*** Opening of Records supplied ***

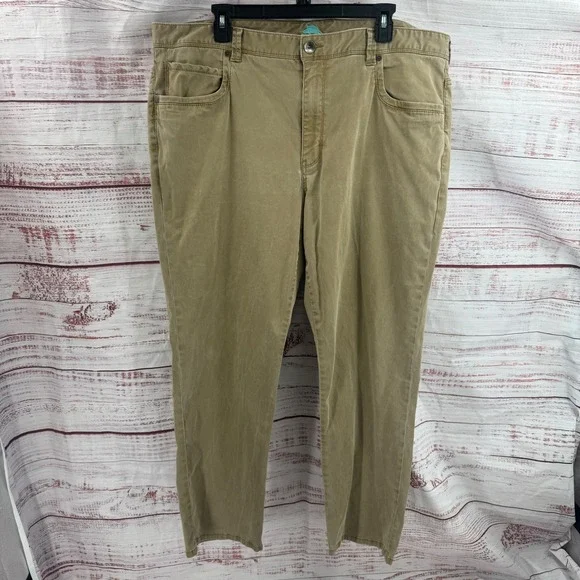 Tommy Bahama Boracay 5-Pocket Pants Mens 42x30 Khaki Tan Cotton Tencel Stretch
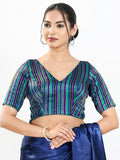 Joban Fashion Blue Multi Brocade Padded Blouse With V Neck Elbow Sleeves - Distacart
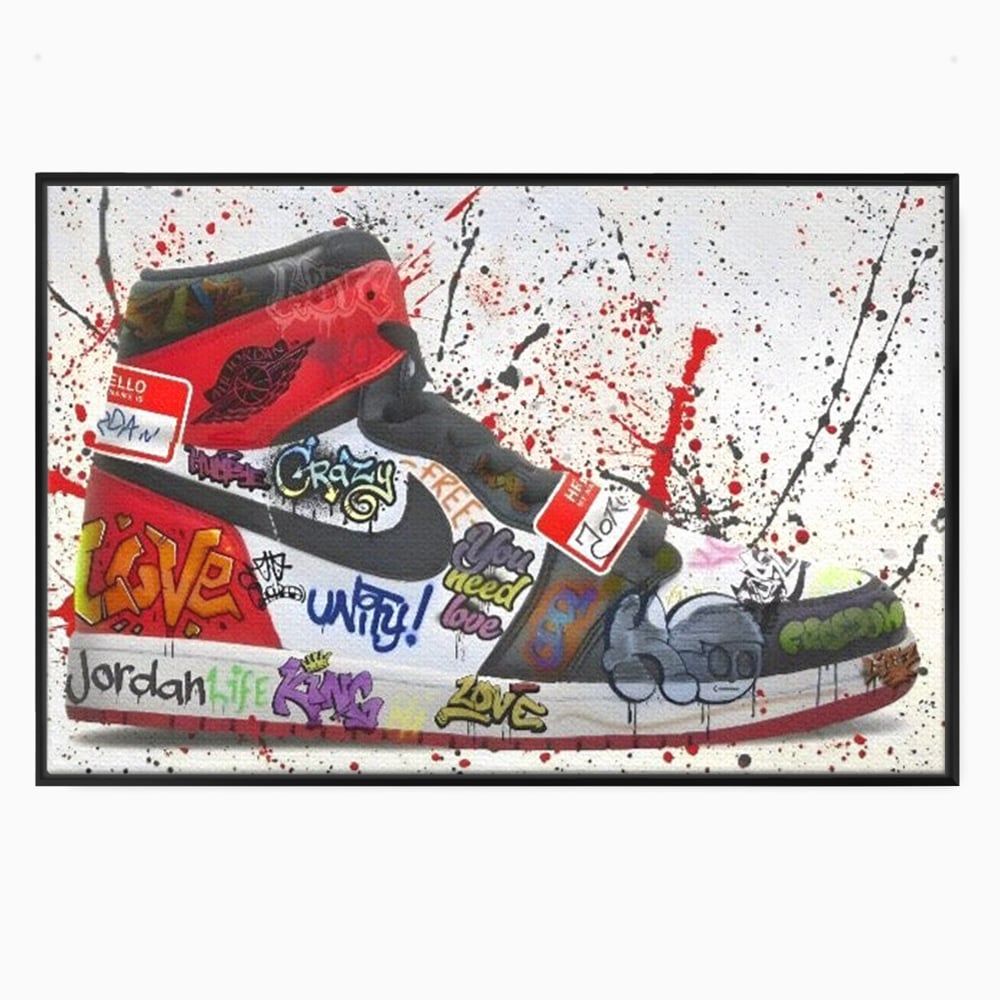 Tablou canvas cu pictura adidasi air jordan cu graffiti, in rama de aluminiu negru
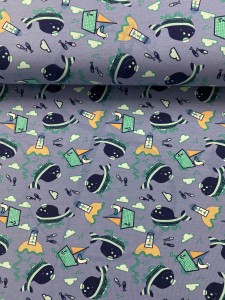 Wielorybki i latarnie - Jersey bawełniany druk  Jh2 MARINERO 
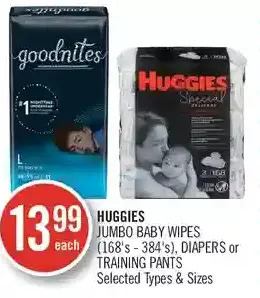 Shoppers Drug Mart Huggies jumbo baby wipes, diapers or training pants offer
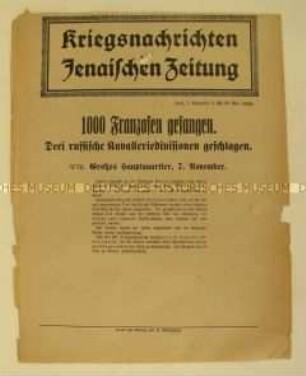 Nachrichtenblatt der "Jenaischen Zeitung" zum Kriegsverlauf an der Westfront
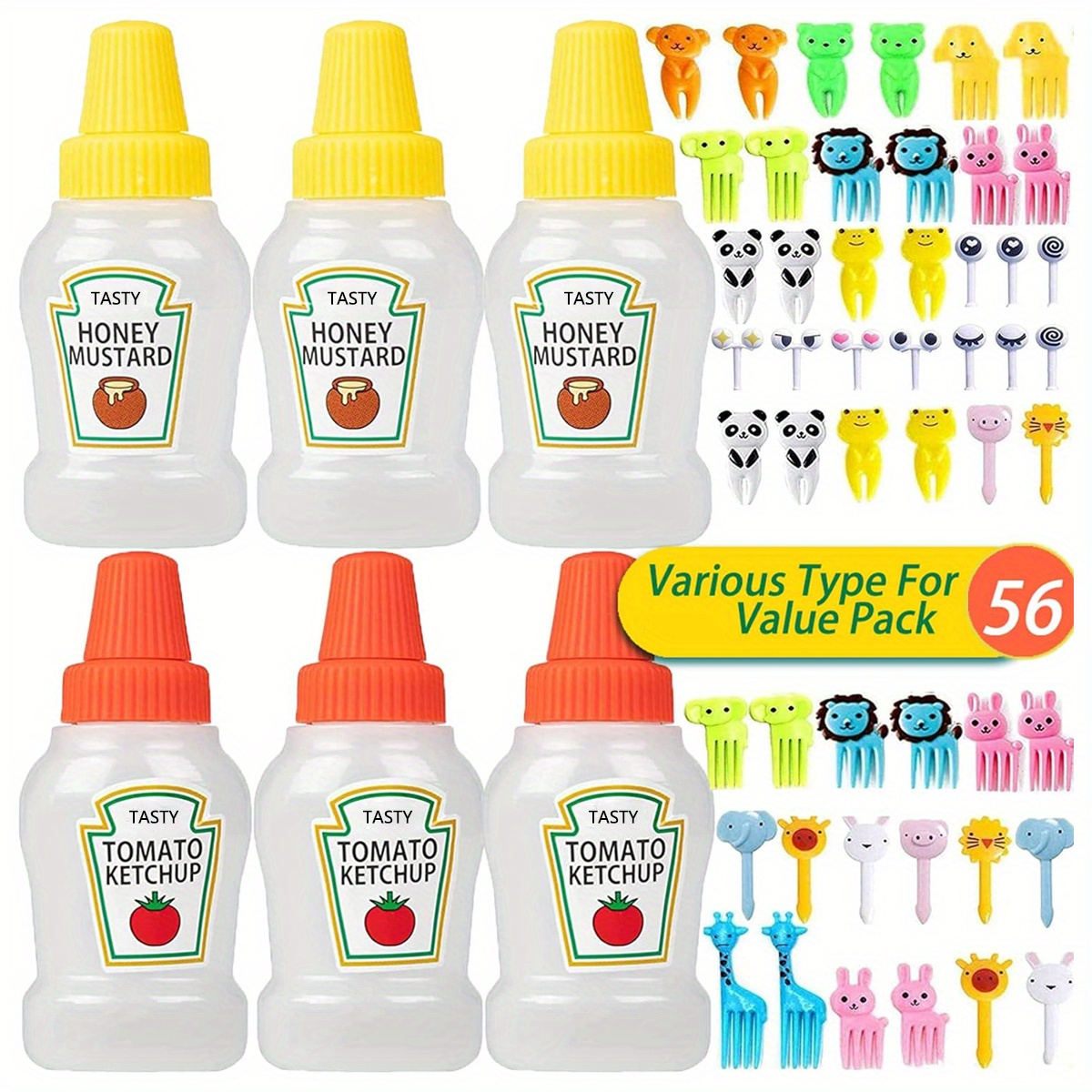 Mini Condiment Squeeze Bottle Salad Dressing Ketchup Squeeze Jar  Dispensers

*** Close of Records supplied ***

| Problem to solve |
Copy each line above exactly. Images do not belong in the copy.

| Task response |
 Tommy Bahama Boracay 5-Pocket Pants Mens 42x30 Khaki Tan Cotton Tencel Stretch
 Joban Fashion Blue Multi Brocade Padded Blouse With V Neck Elbow Sleeves - Distacart
 Tablou canvas cu pictura adidasi air jordan cu graffiti, in rama de aluminiu negru
 Wielorybki i latarnie - Jersey bawełniany druk  Jh2 MARINERO 
 Shoppers Drug Mart Huggies jumbo baby wipes, diapers or training pants offer
 Nachrichtenblatt der "Jenaischen Zeitung" zum Kriegsverlauf an der Westfront
 Mini Condiment Squeeze Bottle Salad Dressing Ketchup Squeeze Jar  Dispensers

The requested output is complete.